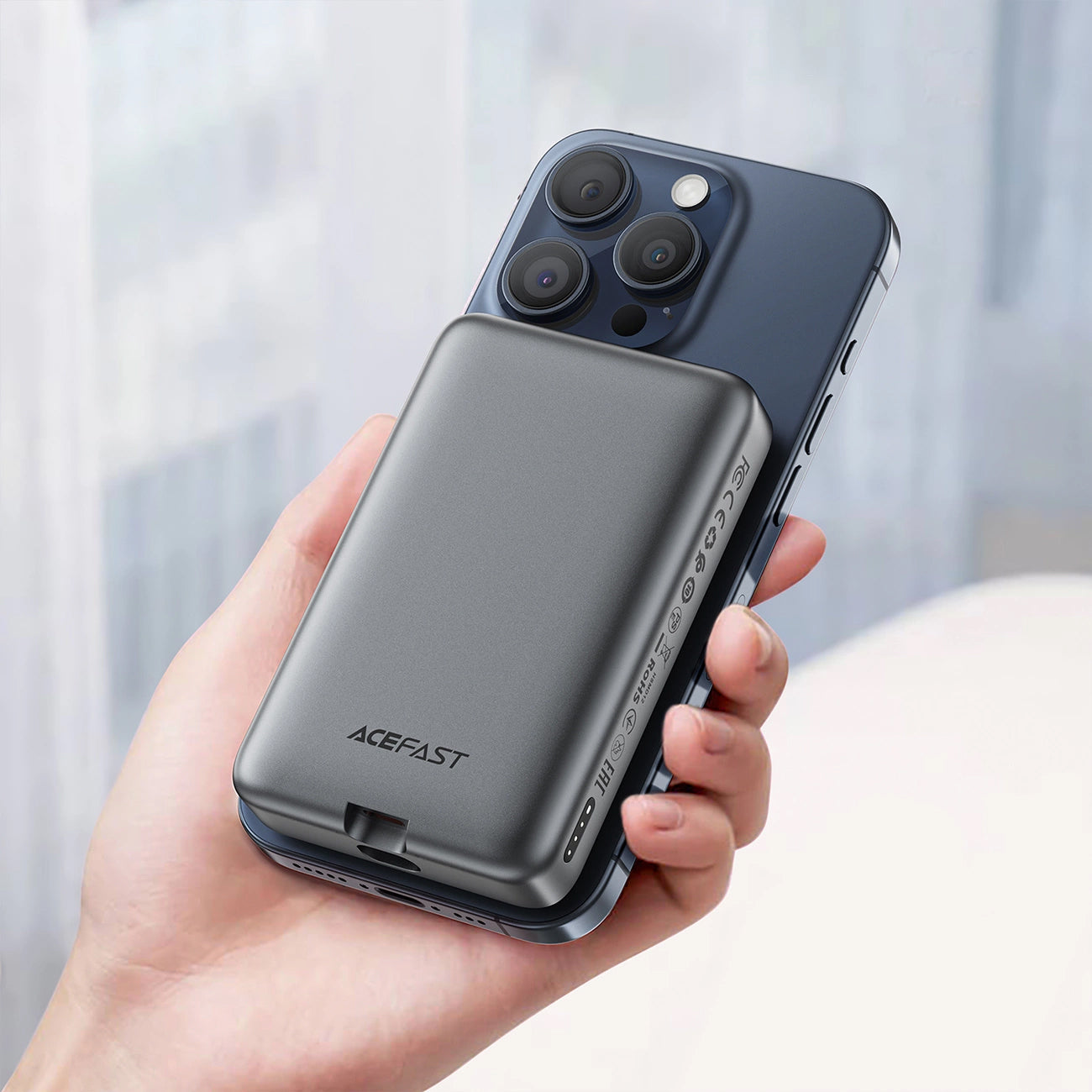 Външна батерия Wireless Acefast M10, 10000mAh, 30W, PD + FQI, 1 x QI - 2 x USB-C, Черна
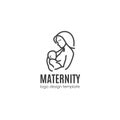 Maternity concept, breast-feeding - happy woman with newborn. Vector logo design template in linear style
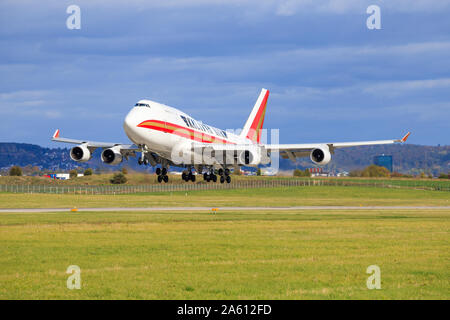 Stuttgart/Allemagne, 22 Septembre 2019 : un Boeing 747 de Kalitta à l'aéroport de Stuttgart. Banque D'Images
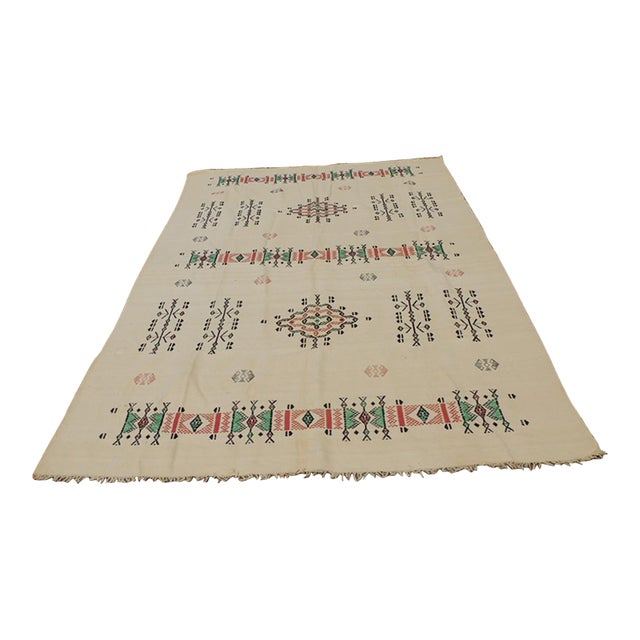 Vintage Turkish Orange and Green Woven Wall Hanging For Sale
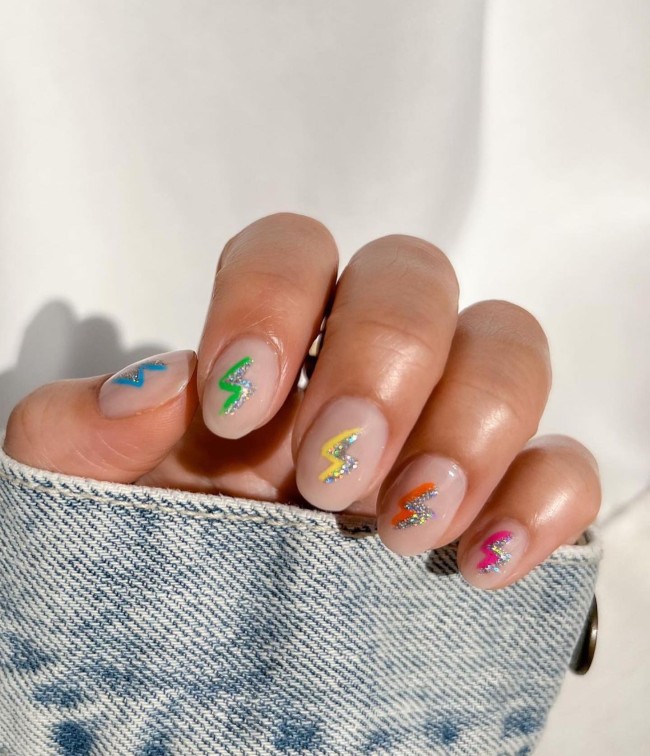 30 Best Spring Nail Colors and Designs — Colorful Lightning Short Nail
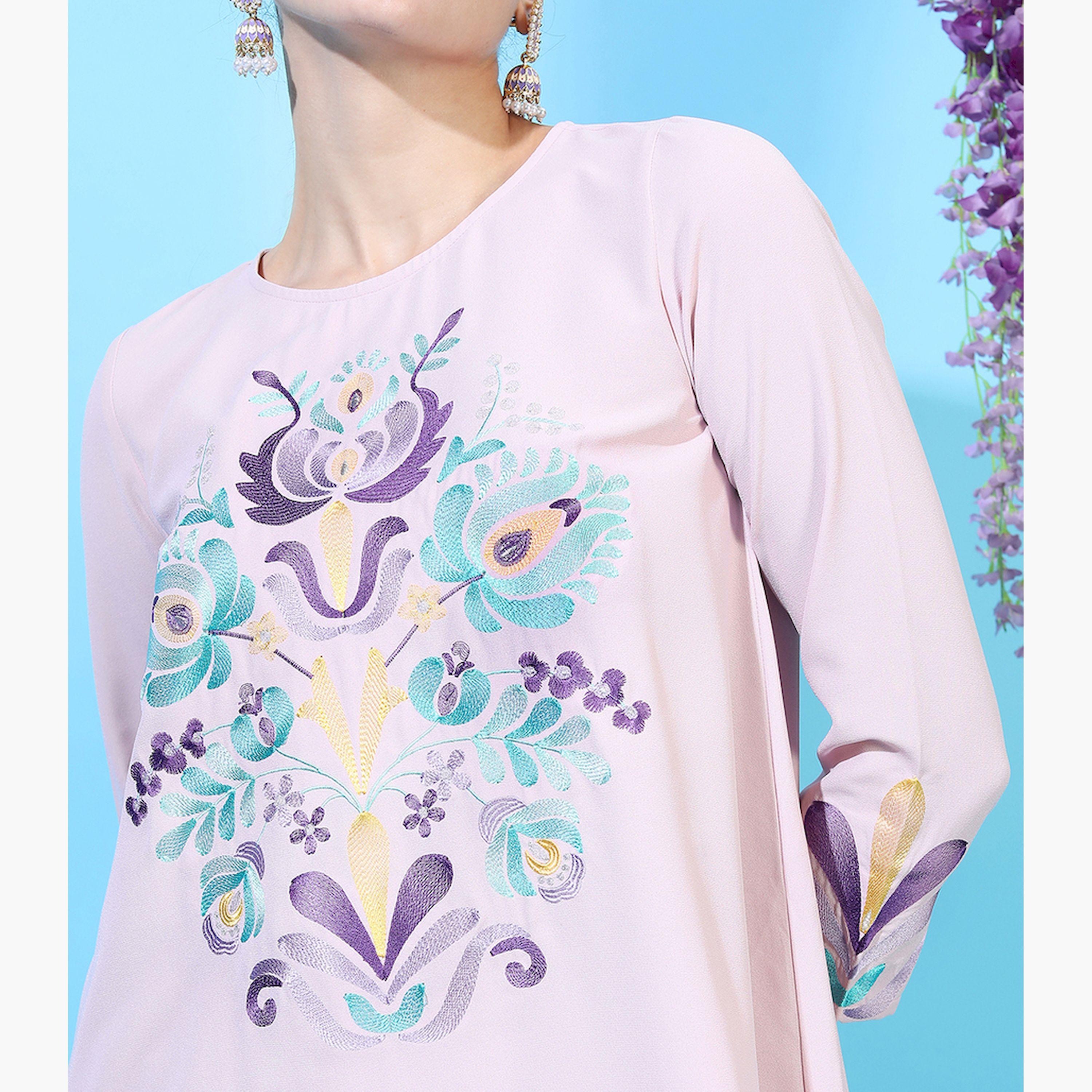 فيشود × ستايلي - كورتا مطرزة بزخارف عرقية مع بنطال دوتي باللون الوردي للنساء-women-clothing-ethnicwear-kurtasets-image-4
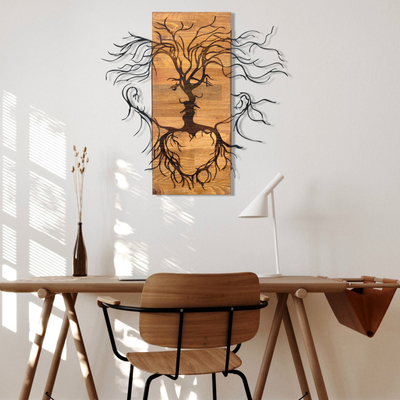Dekor muri Faces HM4807, dru dhe metal, 60x57.5cm, i zi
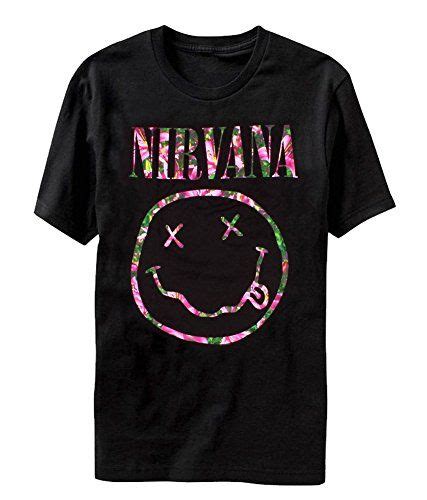 Nirvana Floral Smiley T Shirt Large Shirts Nirvana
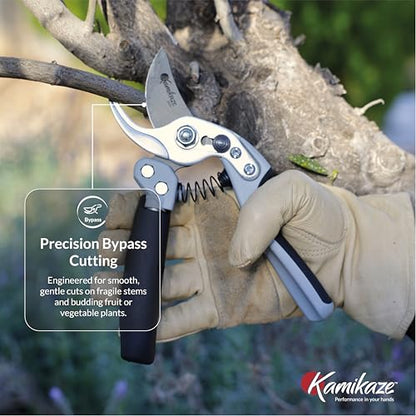 Heavy-Duty Professional Pruning Shears for Gardening, Featuring Ergonomic Rotating Handle to Reduce Hand Fatigue, SK5 High-Carbon Steel Blade, Cuts Branches Up to 0.8 Inch, Garden Clippers Shears - style: Medium Rotating Handle Bypass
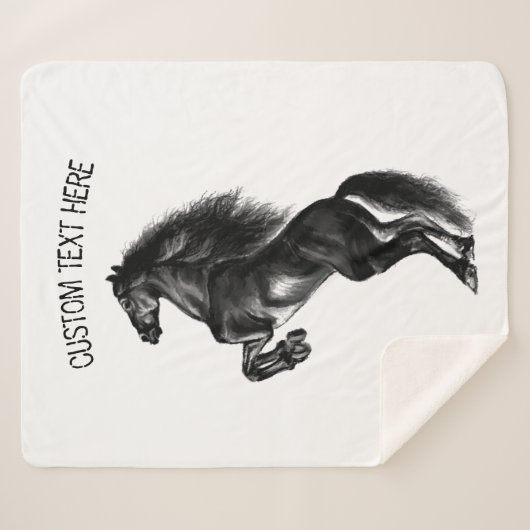 Reitpferde mit individuellem Text Sherpadecke (Vorderseite (Horizontal))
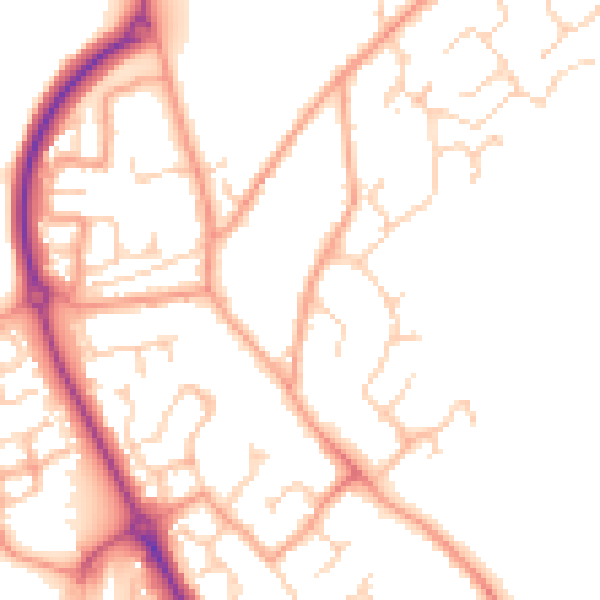 Daytime road noise heatmap for CT18 7BY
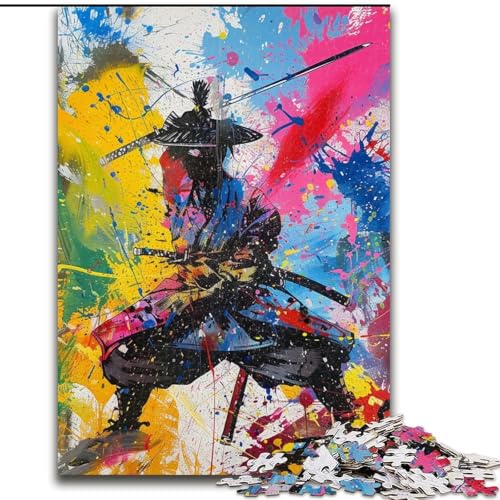 Puzzle für Teenager, 1000 Teile, Ninja-Samurai-Ölgemälde, hilft dem Gehirn, süchtig machendes Spielzeug zu trainieren, um Geduld zu fördern und das Gedächtnis zu verbessern (Größe 50x75cm) von LiJianXXR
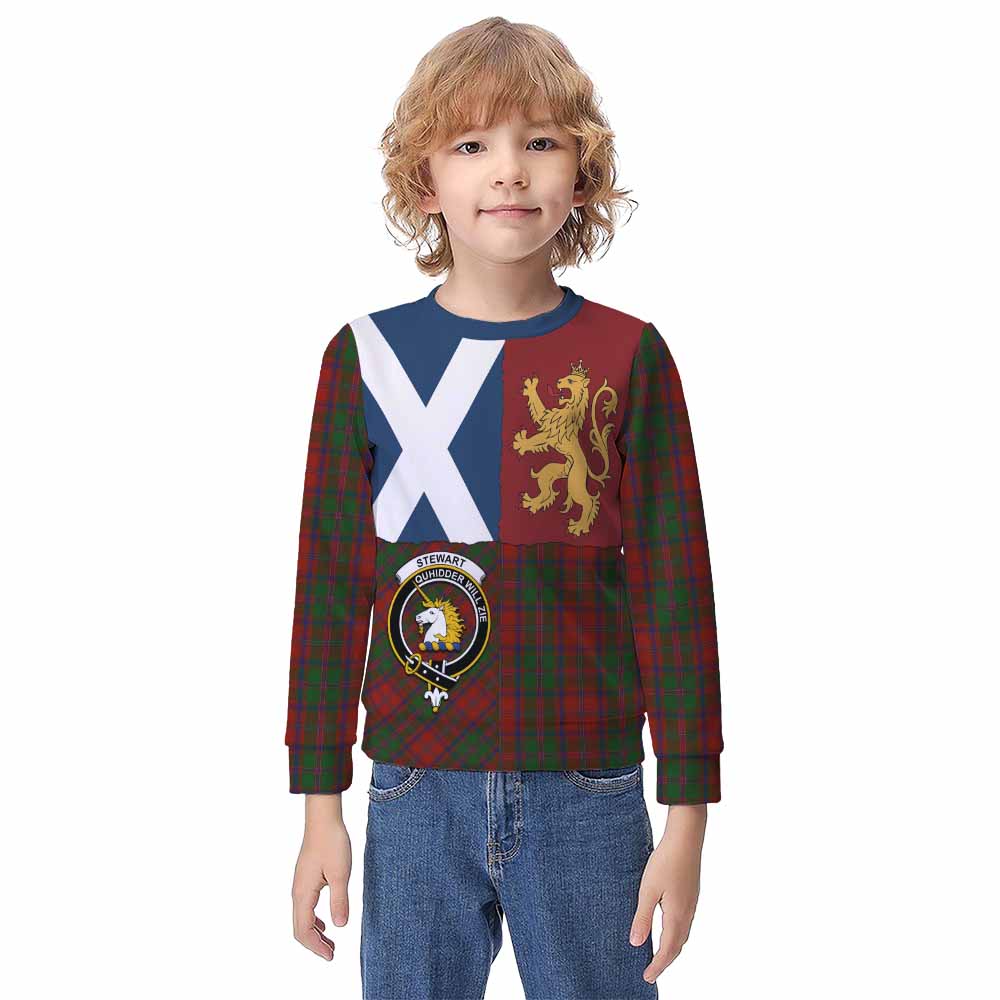 Stewart (Stuart) of Appin Crest Tartan Kid Knitted Sweatshirt with Lion Rampant Saltire Style - Tartan Vibes Clothing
::::::::
EXERCISE BRIEF | Retype only the lines above from the one with "30 Best Spring" through the one with "Nirvana Floral Smiley", exactly and with both ends. Images stay out.

ANSWER TO THIS EXERCISE |
 30 Best Spring Nail Colors and Designs — Colorful Lightning Short Nail
 فيشود × ستايلي - كورتا مطرزة بزخارف عرقية مع بنطال دوتي باللون الوردي للنساء-women-clothing-ethnicwear-kurtasets-image-4
Dekor muri Faces HM4807, dru dhe metal, 60x57.5cm, i zi
 Nirvana Floral Smiley T Shirt Large Shirts Nirvana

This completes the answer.